Huonville High hits the jackpot in Abu Dhabi

This southern Tasmanian school has long had a dream to be a beacon for a better world. Now it’s getting reward for its effort.

Toby Thorpe (left) and Zephryn Fox at work on a renewable energy project. PHOTO ABC

Toby Thorpe and Zephryn Fox at work on a renewable energy project. PHOTO ABC

For years, Huonville High under its former principal, Alison Grant, sought to become a beacon for learning about the environment, the climate and our carbon footprint.

I first became aware of that dream in May 2009, when teacher David Brown invited me to talk to his students about man-made climate change and its implications for their school and community.

Last winter I had the chance to see how things had developed at an “energy futures think tank” organised by environmental educator Nel Smit and led by Huonville High students Toby Thorpe and Zephryn Fox, at the Education Department’s Sustainability Learning Centre at Mt Nelson. A discussion led by expert outsiders ranged across solar energy, batteries and electric cars, inventing things, biofuels, energy auditing and the energy-efficient home.

Of my many encounters with students over the years, this one ranked as one of the best, because the students themselves were driving it. My take-home message was that anything seems possible when young people are given the chance to take a leading role.

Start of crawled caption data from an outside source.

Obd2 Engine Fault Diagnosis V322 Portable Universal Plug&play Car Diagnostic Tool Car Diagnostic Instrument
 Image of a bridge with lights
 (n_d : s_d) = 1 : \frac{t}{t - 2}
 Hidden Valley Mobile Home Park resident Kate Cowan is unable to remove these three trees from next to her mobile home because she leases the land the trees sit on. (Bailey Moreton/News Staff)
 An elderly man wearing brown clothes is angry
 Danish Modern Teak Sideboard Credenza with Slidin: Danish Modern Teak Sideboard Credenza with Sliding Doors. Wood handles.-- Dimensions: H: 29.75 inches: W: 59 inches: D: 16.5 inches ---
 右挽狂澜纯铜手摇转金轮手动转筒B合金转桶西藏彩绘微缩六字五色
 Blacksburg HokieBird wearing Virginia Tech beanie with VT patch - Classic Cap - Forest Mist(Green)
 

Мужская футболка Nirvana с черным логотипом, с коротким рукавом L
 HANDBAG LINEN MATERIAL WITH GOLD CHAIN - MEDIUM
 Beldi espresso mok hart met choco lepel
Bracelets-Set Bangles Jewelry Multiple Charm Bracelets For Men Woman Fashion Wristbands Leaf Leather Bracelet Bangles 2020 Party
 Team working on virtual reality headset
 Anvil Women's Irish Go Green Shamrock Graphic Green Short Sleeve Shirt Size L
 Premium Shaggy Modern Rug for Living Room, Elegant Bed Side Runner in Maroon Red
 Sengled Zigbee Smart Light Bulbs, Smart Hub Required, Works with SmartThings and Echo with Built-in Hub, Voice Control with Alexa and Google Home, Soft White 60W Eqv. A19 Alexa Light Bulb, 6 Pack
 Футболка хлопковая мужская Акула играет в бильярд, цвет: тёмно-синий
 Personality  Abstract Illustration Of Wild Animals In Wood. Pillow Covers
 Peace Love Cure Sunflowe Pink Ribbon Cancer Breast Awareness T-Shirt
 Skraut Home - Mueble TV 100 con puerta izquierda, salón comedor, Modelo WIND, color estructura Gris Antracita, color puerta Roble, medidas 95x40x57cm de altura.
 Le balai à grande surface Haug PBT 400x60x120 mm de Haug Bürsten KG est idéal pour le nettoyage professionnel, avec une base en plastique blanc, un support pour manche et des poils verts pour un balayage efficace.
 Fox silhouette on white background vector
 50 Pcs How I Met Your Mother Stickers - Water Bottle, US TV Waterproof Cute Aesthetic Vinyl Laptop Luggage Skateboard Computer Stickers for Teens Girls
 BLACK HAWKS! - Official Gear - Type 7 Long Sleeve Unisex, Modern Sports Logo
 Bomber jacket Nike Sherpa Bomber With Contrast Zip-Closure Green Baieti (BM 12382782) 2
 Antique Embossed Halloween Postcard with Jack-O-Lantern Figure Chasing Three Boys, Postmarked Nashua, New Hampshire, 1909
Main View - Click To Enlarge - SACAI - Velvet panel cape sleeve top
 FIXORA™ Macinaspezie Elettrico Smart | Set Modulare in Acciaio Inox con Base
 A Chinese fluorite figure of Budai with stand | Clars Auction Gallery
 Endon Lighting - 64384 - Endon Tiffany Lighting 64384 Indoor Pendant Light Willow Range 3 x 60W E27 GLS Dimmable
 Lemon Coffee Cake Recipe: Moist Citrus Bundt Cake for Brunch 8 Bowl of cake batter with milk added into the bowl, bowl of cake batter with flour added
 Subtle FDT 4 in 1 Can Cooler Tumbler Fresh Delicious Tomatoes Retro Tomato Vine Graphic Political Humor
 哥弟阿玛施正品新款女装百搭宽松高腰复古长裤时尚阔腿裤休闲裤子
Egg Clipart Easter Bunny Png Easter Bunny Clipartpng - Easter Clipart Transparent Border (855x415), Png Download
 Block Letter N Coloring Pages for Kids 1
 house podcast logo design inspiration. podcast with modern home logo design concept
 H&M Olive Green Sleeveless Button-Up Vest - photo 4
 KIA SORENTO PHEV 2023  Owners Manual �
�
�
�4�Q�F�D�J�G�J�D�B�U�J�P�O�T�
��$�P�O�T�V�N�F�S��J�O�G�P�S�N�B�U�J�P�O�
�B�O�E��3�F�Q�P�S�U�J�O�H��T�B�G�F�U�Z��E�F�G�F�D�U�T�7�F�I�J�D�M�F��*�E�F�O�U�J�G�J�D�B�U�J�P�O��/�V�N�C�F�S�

Changing the direction of society takes time, work and resources. Huonville High put in the hard yards over many years, but at the time of that seminar it still lacked the resources needed to really make its community sit up and take notice.

But this month, when schools are supposed to be in summer hibernation, Huonville hit the jackpot.

Toby Thorpe (second from left) with other Oceania candidates for the Zayed prize. PHOTO Geoff Williamson

Toby Thorpe with other Oceania candidates for the Zayed prize, in Abu Dhabi. PHOTO Geoff Williamson

In Abu Dhabi, on behalf of his school, Toby was presented with the Oceania award for the Zayed Future Energy Prize for Global High Schools by the city’s Crown Prince, Sheik Mohammed bin Zayed. There were four other winners, schools in Ireland, Bolivia, Kenya and Bali.

The annual Zayed prize, celebrating innovation, vision and leadership in renewable energy and sustainability, pays tribute to the former president of the United Arab Emirates, Sheikh Zayed bin Sultan al Nahyan, who championed environmental stewardship.

The prize provides Huonville High with $US100,000, or a little over $130,000 Australian. That level of funding for sustainability studies is rare or unprecedented in Australia for a single public school, opening up prospects that the school could previously only dream about.

The school’s solar array produces 2.5 per cent of its energy needs; Zayed funding will raise that to 60 per cent. A disused campus building will be made into a “Zayed Energy Hub” showcasing solar PV, battery storage, insulation, low-carbon lighting and heating and smart energy management.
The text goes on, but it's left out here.